Gustavus students planning to apply to a physical therapy program after graduation from Gustavus should complete the requirements for a degree from the College, including a major course of study (usually Biology or Athletic Training) and fulfillment of distributional requirements. The following courses also should be considered, since they seem to be the minimum requirements for many professional programs in physical therapy:

  • Biology—BIO-101, BIO-102, BIO-118 or BIO-380 (BIO-201 and 202 if planning to take BIO-380).
  • Chemistry—CHE-107, CHE-141.
  • Health and Exercise Science—HES-234, HES-235 (HES-214 recommended).
  • Mathematics—MCS-118/119 or MCS-121, and statistics (not E/M-125).
  • Physics—PHY-120/121 and PHY-170/171 or PHY-122/121 and PHY-172/171.
  • Psychology—PSY-100 and PSY-241.
  • Sociology/ Anthropology—S/A-111, S/A-112, or S/A-113.

The courses above show what a representative physical therapy program might look like, however, prerequisite requirements vary among institutions. In addition, course prerequisites are subject to change at any time. Students should gather information from particular schools of interest for the most current requirements. Refer to

*Gustavus has an agreement with the College of St. Catherine regarding their Master of Physical Therapy program, whereby two Gustavus students who meet St. Catherine’s admission criteria will be given preferential admission status.

Reserve Officers’ Training Corps

Since the 1970s, Gustavus has been a cross-enrollment partner in the Reserve Officers’ Training Corps (Army ROTC) battalion hosted at Minnesota State University, Mankato. This partnership also includes Bethany Lutheran College in Mankato. Minnesota State University, Mankato, offers either a two- or four-year program enabling students/cadets to compete for a commission as an officer in the United States Army, Army Reserve, or Army National Guard. College credit is awarded for the courses in the program. However, the military science program is not an academic major. Students must complete an academic major in another area in addition to the military science requirements. (Historically, Gustavus students in the program have selected a variety of majors, including Political Science, Management, Communication Studies, and Religion.) Participating Gustavus students transfer 2–3 semester credits per term from Mankato. The ROTC is operated under Department of Defense policies and regulations that are inconsistent with Gustavus’s policy of nondiscrimination with regard to sexual orientation.

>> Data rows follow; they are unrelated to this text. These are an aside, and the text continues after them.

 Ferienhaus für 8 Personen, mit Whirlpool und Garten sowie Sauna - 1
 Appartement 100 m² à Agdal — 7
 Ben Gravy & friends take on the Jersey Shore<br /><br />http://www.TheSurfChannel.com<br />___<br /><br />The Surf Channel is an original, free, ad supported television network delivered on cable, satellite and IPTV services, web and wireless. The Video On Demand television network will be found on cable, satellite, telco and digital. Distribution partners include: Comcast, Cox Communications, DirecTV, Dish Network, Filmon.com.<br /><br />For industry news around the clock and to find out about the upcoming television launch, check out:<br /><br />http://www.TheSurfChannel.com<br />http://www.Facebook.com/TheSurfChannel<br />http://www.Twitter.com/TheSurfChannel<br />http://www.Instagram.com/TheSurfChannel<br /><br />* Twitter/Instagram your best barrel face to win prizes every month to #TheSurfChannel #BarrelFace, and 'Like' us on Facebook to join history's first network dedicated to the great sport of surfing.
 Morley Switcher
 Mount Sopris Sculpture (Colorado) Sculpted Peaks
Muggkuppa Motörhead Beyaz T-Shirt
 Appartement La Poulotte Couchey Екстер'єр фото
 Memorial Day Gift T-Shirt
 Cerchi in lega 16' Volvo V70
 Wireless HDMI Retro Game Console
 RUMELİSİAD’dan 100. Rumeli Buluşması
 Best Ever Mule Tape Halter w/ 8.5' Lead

Students should be aware that the military could require repayment of scholarship funds if they are discharged from the ROTC as a result of their sexual orientation. For information, contact the Gustavus Career Center or the MSU Military Science Department at 507-389-6226.

Veterinary Medicine

Admission requirements vary with schools, but most include the courses required by the University of Minnesota. Listed here are the Gustavus courses needed to meet these requirements:

  • Biology—BIO-101, BIO-102, BIO-201, BIO-202, either BIO-241 or 242, BIO-374 and BIO-380.
  • Chemistry—CHE-107, CHE-141, CHE-251, CHE-255, CHE-258.
  • Mathematics—MCS-118/119 or MCS-121.
  • Physics—PHY-120/121 and PHY-170/171 or PHY-122/121 and PHY-172/171.
  • English composition (met by completion of the Gustavus Writing Requirement)
    Recommended electives include Communications.